Villeret GMT Date (2019)
While the Villeret collection is known for its refined elegance, the watches are also built with practicality and ease-of-use in mind. Legibility is guaranteed by way of a separate red-arrow hand pointing to the second-time zone on a 24-hour scale, and an all-in-one crown that allows you to set the time for both time zones. The watch comes in steel and red gold versions, and we'd go for the former. Priced at S$16,600, it is ‘just’ two grand more than the Villeret Ultra-Thin in steel, while packing in a heavyweight complication.
Fifty Fathoms Barakuda (2019)
Limited to 500 pieces, Blancpain’s recent iteration of its pioneering dive watch is based on a vintage model that was supplied to the German military back in the 1960s (at that time, Blancpain had supplied different versions of the Fifty Fathoms to many of the world’s marine corps). Rocking a delectable retro-inspired demeanour, the Fifty Fathoms Barakuda is a modern send-up, deftly combining the original’s distinctive features like the old radium hands and indexes (reproduced using beige Super-LumiNova) with a contemporary uni-directional bezel with domed sapphire insert.
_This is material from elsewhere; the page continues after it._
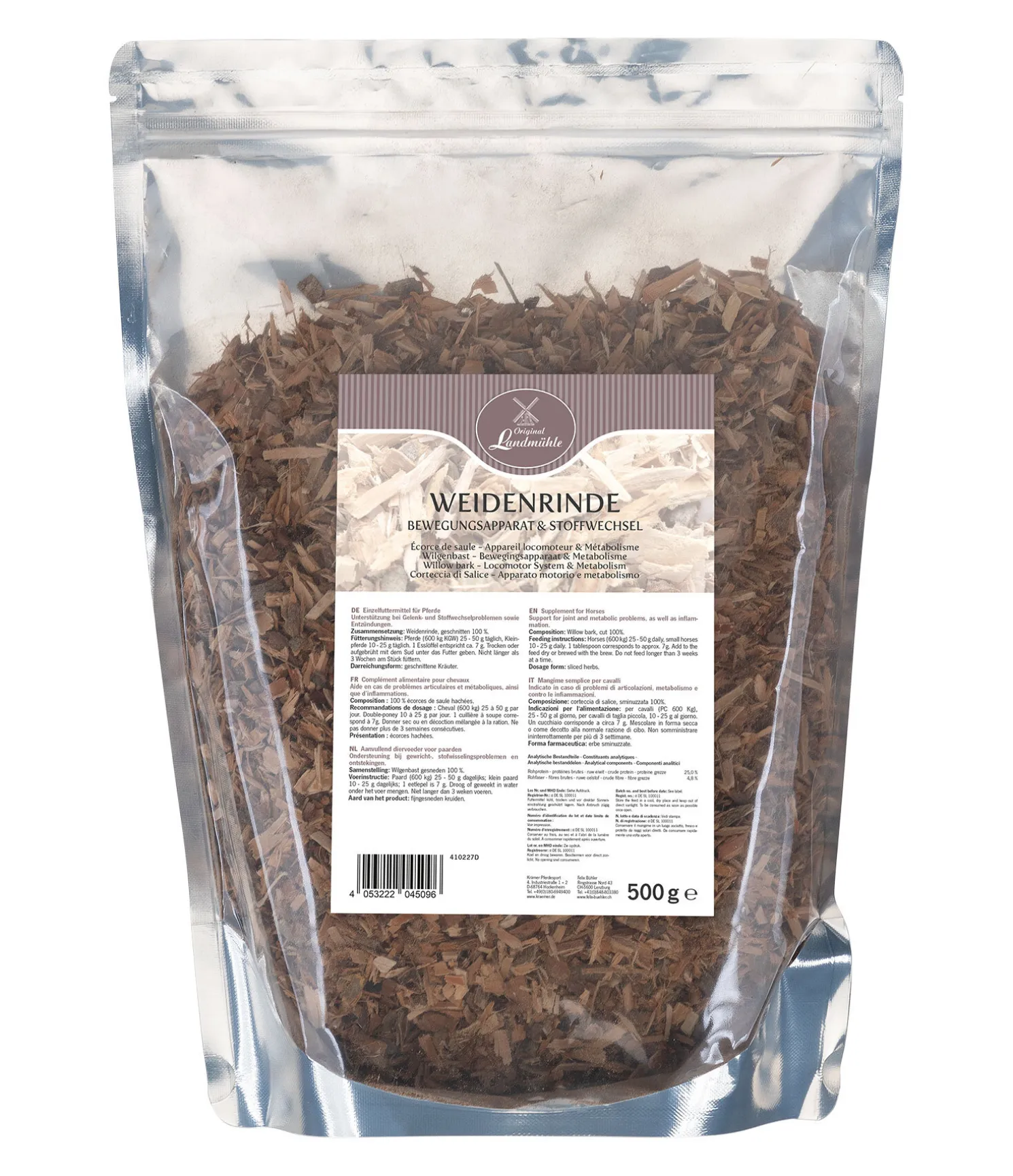 Écorce de saule pour cheval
Villeret Ultraplate (2020)
The Villeret Ultraplate’s functions may be ‘basic’ but the watch showcases Blancpain’s mechanical brilliance by way of its ultra-thin profile. Though exceedingly slim, the hand-wound Calibre 1151 that drives this watch is built with stamina in mind, offering up to 100 hours of power reserve, stored within its two series-coupled barrels. For 2020, the brand issues a new iteration of this timeless classic featuring a red gold case that measures just 8.7mm in height, and is paired with a rich blue dial.